When we hit that wall going 1000 miles per hour, everything stopped for us. We were forced to face what we had, what we were about to lose, and what we wanted. We began to put our faith and God first in our marriage, and our lives. We cut ties with family and friends who never had anything positive to say about either of us. We stopped listening to what others think, and started listening to what God's word said and what each other said. We no longer react ... but instead we act with love. Kindness. Grace. Laughter.
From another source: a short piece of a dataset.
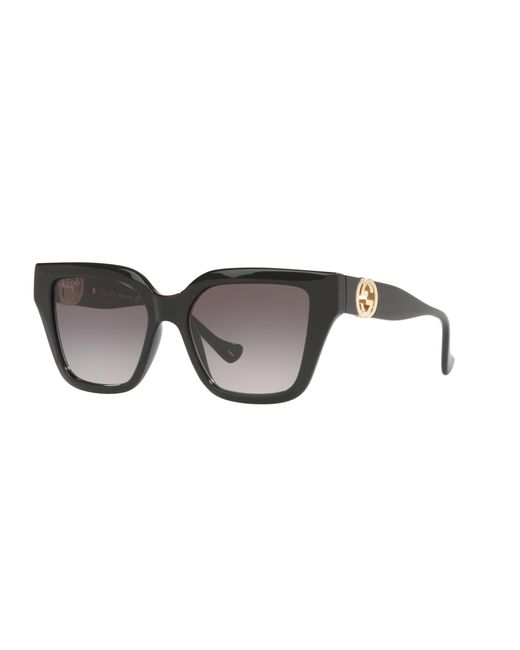 Gucci Black Sunglass GG1023S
Being apart forces us to communicate on a different level than what being face-to-face 24/7/365 can do. Questions asked in a letter may not be answered for days. A crisis today may be resolved in two days, but the letter telling about the resolution may not be received for eight days. We are learning to distinguish what is really important enough to be shared in a letter, and what is best saved for a face-to-face visit.
Even being together for what little time we can has become a lesson in grace and communication. We forgive more ... and faster. We laugh more. We talk more about dreams, goals, plans ... life.
I'm not saying that we won't face bumpy roads again in the future. That is just what life is at times. But I think that what these trials have done is put both of us together on solid ground. It has given us a foundation to stand on ... against whatever life throws at us again.
When we are together again ... in the same space and time ... we plan on renewing our vows. This time in a church, with God as our witness, and hopefully with family and friends who will bless us.
Until then ... we've been falling in love again ... and again ... and again.